Woodsmith, J., Apelt, L., Casado-Medrano, V., Özkan, Z., Timmermann, B., & Stelzl, U. (2017). Protein interaction perturbation profiling at amino-acid resolution. Nature methods, 14(12), 1213-1221. doi:10.1038/nmeth.4464.


Cite as: https://hdl.handle.net/11858/00-001M-0000-002E-1EEF-D
Abstract
The identification of genomic variants in healthy and diseased individuals continues to rapidly outpace our ability to functionally annotate these variants. Techniques that both systematically assay the functional consequences of nucleotide-resolution variation and can scale to hundreds of genes are urgently required. We designed a sensitive yeast two-hybrid-based 'off switch' for positive selection of interaction-disruptive variants from complex genetic libraries. Combined with massively parallel programmed mutagenesis and a sequencing readout, this method enables systematic profiling of protein-interaction determinants at amino-acid resolution.

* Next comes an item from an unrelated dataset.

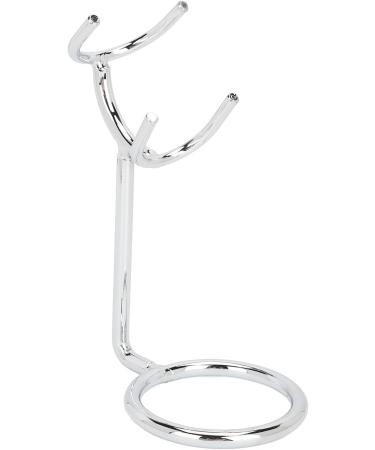 Dekaim Stainless Steel Safety Brush Holder | Modern Rustproof Display Stand | Stylish Silver Organizer for Home & Salon - Buy Online on GoSupps.com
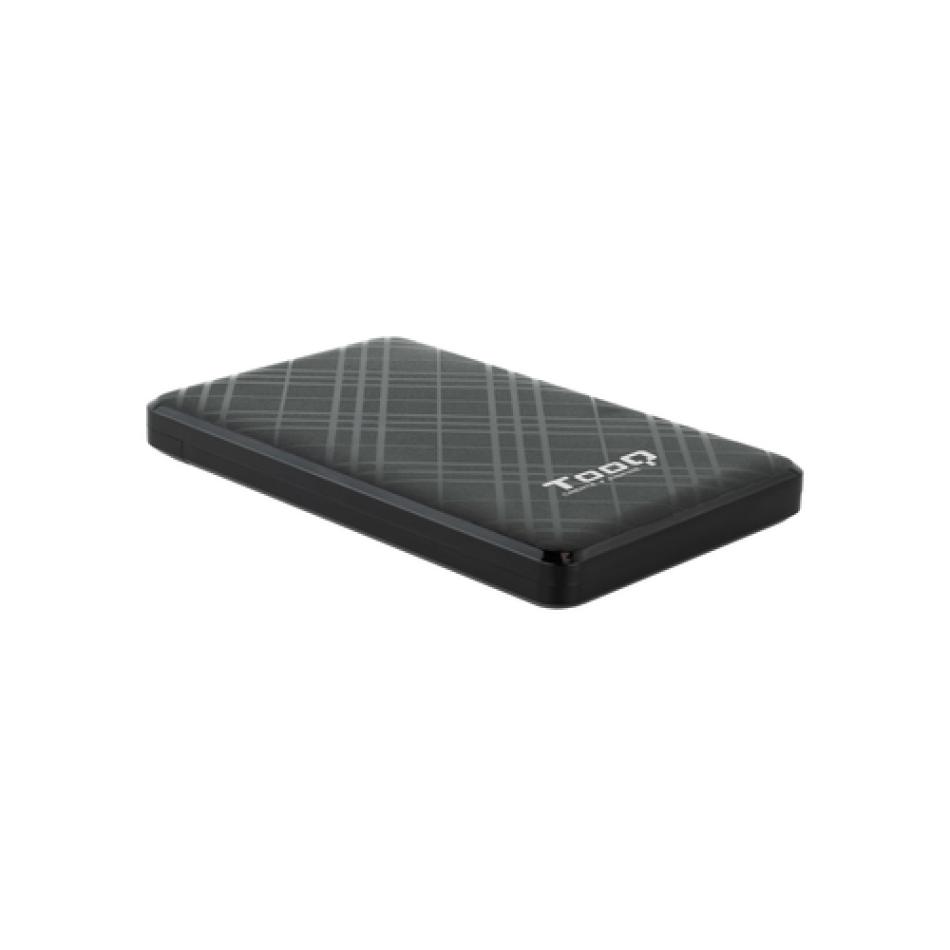 Nueva Caja externa para disco duro TooQ soporta hasta 2TB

We defined >1,000 interaction-disrupting amino acid mutations across eight subunits of the BBSome, the major human cilia protein complex associated with the pleiotropic genetic disorder Bardet–Biedl syndrome. These high-resolution interaction-perturbation profiles provide a framework for interpreting patient-derived mutations across the entire protein complex and thus highlight how the impact of disease variation on interactome networks can be systematically assessed.